Server software to manage virtualized services on a KVM-based discoverable cloudlet (Cloudlet Server component of the KD-Cloudlet.project)
Other
20 stars 11 forks source link

About interaction issues between client and server #8

Closed haiyunaixueye closed 6 years ago

haiyunaixueye commented 6 years ago

SpeechClient as a test case, I want to confirm that whether the data returned by the server to the SpeechClient is as the picture shown or not.

image

sebastian-echeverria commented 6 years ago

The communication between the Speech Client and the Speech Server inside the Service VM seems to be ok. However, it does not seem to be finding any words in the wav file. This may be because the model is not properly calibrated for whatever speech is in the wav files you are using.

If you go to the speech-android repo, there is a "samples" folder with a wav file, audio.wav. The model currently configured in the speech-server repo is calibrated for the speech in that file. So, if you use that file, you should see a string of words in the "Speech output" section after sending it to the server.

haiyunaixueye commented 6 years ago

Thanks for your suggestion, I use the sample provided by the speech-android repo and the results are as follows:

image

I have some questions:

  1. Is the sampling rate of the wav format file must be 44100, the number of sample bits is 16 bits, the bit rate is 706kbps/CBR?

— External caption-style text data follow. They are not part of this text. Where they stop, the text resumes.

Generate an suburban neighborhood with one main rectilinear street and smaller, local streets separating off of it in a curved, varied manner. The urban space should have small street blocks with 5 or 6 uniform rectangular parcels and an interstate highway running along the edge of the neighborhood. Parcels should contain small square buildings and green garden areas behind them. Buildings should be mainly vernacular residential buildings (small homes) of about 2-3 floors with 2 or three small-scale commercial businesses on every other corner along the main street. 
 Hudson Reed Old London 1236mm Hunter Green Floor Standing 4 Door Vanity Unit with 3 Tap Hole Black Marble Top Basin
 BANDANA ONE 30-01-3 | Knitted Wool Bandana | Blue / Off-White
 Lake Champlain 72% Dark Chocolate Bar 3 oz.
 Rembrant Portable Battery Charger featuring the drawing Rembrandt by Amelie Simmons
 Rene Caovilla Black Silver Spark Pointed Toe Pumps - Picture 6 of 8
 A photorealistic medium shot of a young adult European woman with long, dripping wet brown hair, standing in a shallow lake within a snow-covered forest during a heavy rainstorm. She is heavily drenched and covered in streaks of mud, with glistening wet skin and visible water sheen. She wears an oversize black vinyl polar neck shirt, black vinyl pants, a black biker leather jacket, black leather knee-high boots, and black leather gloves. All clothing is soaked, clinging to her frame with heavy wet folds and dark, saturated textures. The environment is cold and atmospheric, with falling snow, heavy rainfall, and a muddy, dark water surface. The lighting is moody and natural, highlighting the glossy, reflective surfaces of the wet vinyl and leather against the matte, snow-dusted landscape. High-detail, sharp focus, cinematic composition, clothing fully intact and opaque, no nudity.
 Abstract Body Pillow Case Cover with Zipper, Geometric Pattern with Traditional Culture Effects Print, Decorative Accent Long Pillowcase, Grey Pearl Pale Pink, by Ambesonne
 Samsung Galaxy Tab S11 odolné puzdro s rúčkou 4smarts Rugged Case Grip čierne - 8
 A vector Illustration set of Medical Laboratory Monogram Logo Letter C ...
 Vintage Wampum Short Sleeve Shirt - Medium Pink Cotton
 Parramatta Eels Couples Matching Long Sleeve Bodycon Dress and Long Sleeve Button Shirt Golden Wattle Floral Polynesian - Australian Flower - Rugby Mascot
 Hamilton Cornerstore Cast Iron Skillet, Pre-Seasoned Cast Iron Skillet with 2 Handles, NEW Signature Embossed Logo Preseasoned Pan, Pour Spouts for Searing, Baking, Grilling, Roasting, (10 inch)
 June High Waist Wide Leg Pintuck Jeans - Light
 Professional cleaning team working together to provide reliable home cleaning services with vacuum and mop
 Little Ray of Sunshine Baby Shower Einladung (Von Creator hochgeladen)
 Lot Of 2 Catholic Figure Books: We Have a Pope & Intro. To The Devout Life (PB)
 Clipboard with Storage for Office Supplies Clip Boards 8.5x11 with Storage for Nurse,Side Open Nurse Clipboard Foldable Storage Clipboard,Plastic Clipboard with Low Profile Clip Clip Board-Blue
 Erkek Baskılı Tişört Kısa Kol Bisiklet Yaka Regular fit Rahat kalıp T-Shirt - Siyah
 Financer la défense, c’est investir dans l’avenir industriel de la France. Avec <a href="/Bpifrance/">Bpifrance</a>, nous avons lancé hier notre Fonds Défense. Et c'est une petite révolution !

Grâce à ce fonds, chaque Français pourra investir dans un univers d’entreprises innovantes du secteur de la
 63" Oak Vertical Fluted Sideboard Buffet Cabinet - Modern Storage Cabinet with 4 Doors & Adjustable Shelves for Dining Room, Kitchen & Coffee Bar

  2. Does the speech recognize other languages, such as Chinese?

  3. I found that the recognition of several words in the sample was wrong. How high is this speech library recognition rate?

Looking forward to your reply.

sebastian-echeverria commented 6 years ago

Yes, those results are what I would expect.

The speech server is based on the Sphinx library (https://cmusphinx.github.io/). It is a highly configurable speech recognition library, so even though maybe the current model that we have in the speech-server repo may be limited to the parameters you mention (I am not sure though), the library itself is clearly not. The speech-server itself is not much more than a TCP server that calls the library with the sample it receives and returns the results through TCP. All the heavy lifting is done by Sphinx.

Also, the audio sample that we use is a random one we found that worked with the current model we have, but it is probably not the best sample for that model (thus the errors you saw). Sphinx is able to handle different languages, but again, with the correct model. I suggest you go to the link above to read up abou Sphinx. I think you should probably be able to contact the authors if needed as well, but they seem to have enough documentation to get you started, in case you want to play around with it.

haiyunaixueye commented 6 years ago

Thanks for your answer. I will try to read up about Sphinx.